Companies with remote employees like to hold on to synchronous communication as long as possible. Why that doesn't scale, and how you can incorporate "what you're used to" in your new workflow as a remote company.

The issue with Synchronous Communication

Synchronous Communication describes all forms of communication where a constant stream of communication is open. Messages are expected to be received instantly, it's therefore often a preferred communication medium for discussions and casual conversations, since it's very close to communicating face-to-face.

Examples of synchronous communication mediums are:

  • Phone Calls
  • Video Calls
  • Instant Messaging
  • Face-to-Face

A key aspect of synchronous communication, especially text-based, is that messages are often expected to be received and read instantly. That doesn't work very well with timezones, and early remote teams (or usually the people in a timezone far away) often have to learn that in a painful way.

The default in larger remote teams is therefore async. Communication forms like long-form text, e-mail or a more thoughtful way of instant messaging (which, in that case, is not instant anymore) works better for day-to-day communication, but does that means that you can't directly talk to your team anymore?

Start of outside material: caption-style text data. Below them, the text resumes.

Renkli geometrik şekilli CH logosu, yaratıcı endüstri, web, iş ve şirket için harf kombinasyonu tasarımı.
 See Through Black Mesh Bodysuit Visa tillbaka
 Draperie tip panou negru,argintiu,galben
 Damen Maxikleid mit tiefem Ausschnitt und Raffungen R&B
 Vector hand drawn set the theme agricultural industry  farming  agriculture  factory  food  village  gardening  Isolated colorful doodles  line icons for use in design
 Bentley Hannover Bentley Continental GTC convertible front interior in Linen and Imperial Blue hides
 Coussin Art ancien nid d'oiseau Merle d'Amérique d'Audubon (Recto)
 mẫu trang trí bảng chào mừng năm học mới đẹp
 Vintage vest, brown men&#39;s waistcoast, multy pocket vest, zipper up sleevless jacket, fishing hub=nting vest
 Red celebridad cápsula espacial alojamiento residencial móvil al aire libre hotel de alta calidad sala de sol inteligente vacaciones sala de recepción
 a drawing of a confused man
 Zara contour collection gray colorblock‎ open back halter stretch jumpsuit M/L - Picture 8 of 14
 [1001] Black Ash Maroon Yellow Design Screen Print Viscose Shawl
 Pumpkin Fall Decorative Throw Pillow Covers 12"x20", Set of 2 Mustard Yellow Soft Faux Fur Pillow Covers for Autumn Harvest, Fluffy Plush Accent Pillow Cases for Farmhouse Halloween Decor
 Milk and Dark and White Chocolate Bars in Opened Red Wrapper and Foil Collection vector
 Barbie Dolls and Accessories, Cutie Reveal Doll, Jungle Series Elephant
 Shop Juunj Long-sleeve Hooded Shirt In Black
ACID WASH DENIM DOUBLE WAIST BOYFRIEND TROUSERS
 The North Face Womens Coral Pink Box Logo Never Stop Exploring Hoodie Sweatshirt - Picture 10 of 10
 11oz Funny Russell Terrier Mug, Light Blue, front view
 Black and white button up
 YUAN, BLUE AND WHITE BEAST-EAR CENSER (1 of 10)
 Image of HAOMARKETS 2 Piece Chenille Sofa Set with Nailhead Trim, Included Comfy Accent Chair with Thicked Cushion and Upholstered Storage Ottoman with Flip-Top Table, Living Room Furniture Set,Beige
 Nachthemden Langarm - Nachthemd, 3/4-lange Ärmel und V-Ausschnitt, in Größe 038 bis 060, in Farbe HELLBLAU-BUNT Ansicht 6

Synchronous Communication in remote teams is NOT dead

Synchronous communication often dominates day-to-day communication in co-located teams:

  • People have standup meetings in-person
  • Instead of messaging, people call or talk
  • Video calls are made with customers or people working from elsewhere
  • Communication between peers happen on instant messaging or in-person

In remote teams, at least after a certain size and distribution, that does not work anymore! With every call, every direct message, every ping and notification, you're risking bothering your team member at lunch, dinner or when they sleep. That's not a reasonable style of work to keep up for a long time.

However, doing things in a synchronous way can be beneficial in some cases. If you need to have a longer discussion that needs a prompt resolution, for things than can benefit from real-time collaboration and finally for socializing, doing things live and face-to-face can feel more natural to people. The focus shifts to asynchronous communication for all things day-to-day, and synchronous in special cases.

How synchronous meetings can be used, and how to make it work

As already discussed, most operational discussions can happen in an async manner. For the smaller part of meetings and discussions which would benefit from a sync meeting style, there are a few things to look for:

  • Meetings always need an agenda and fixed time
  • Face-to-face meetings should be optional-first and only make key people required
  • Meetings should either have a recording, summary or transcript attached for people that can't join

Finally, you need to be able to decide whether a sync meeting should come into place. There's a lot of intuiting behind this, and it's important to not let async communication let you make less productive here. A lot of this has also been discussed in the rest of the article, but synchronous meetings are best used for:

  • Discussions that need a timely verdict
  • Discussions that went back-and-forth too much
  • Socializing and sync calls
  • Casual chats between coworkers
  • Co-Working and Realtime Collaboration (Pair Programming)

Scenarios where synchronous meetings are possibly not suited:

  • Daily Standups
  • All-Hands (even though this can be nice if optional!)
  • Work Questions

Lastly, a common question from local teams: How can I ask someone for quick help asynchronously? The simple, but often not loved solution to this is Documentation and Transparency. If questions are open, they should be in a documentation. Anything else will make you less productive at times.